- _WHAT TO PRODUCE_
From the listing below, reproduce word for word the part that opens with the line containing "Post 10 by Naser" and closes with the line containing "7800 9th Avenue"; reproduce nothing else.

- _EXCERPTED DATA_
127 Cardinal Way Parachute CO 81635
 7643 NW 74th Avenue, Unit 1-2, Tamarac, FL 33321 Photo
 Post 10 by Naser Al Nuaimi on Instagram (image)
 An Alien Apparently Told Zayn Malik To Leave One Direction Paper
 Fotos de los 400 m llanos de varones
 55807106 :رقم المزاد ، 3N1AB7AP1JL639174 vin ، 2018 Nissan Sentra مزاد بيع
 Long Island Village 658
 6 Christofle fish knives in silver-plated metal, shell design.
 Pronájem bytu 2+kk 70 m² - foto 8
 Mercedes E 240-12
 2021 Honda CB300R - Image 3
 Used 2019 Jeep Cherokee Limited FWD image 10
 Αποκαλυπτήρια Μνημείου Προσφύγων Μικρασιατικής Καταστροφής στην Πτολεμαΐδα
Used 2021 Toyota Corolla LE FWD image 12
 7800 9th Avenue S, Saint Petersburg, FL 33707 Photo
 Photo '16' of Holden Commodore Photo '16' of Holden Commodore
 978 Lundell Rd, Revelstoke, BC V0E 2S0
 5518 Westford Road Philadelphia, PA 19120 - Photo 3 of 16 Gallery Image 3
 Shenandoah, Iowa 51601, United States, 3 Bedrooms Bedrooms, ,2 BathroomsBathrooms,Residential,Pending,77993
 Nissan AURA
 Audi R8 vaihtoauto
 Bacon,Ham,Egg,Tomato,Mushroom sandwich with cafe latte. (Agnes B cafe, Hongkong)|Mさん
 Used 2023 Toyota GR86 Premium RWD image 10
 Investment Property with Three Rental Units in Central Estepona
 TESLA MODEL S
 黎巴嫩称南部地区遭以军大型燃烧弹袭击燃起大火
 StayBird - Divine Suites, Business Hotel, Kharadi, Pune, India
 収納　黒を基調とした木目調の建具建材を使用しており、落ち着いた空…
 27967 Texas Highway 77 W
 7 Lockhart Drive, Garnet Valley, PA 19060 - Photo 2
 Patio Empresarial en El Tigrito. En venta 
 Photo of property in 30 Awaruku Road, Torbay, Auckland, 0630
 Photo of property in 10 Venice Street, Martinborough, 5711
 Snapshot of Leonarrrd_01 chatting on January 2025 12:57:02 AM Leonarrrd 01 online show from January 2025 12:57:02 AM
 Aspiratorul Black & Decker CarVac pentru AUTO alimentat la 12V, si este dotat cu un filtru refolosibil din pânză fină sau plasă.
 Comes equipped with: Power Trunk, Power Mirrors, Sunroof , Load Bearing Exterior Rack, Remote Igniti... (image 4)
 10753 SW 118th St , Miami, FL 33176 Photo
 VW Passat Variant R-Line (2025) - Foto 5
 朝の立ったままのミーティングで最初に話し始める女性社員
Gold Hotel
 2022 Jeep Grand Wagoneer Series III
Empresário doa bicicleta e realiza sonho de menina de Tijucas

- _WRITTEN ANSWER_
 Post 10 by Naser Al Nuaimi on Instagram (image)
 An Alien Apparently Told Zayn Malik To Leave One Direction Paper
 Fotos de los 400 m llanos de varones
 55807106 :رقم المزاد ، 3N1AB7AP1JL639174 vin ، 2018 Nissan Sentra مزاد بيع
 Long Island Village 658
 6 Christofle fish knives in silver-plated metal, shell design.
 Pronájem bytu 2+kk 70 m² - foto 8
 Mercedes E 240-12
 2021 Honda CB300R - Image 3
 Used 2019 Jeep Cherokee Limited FWD image 10
 Αποκαλυπτήρια Μνημείου Προσφύγων Μικρασιατικής Καταστροφής στην Πτολεμαΐδα
Used 2021 Toyota Corolla LE FWD image 12
 7800 9th Avenue S, Saint Petersburg, FL 33707 Photo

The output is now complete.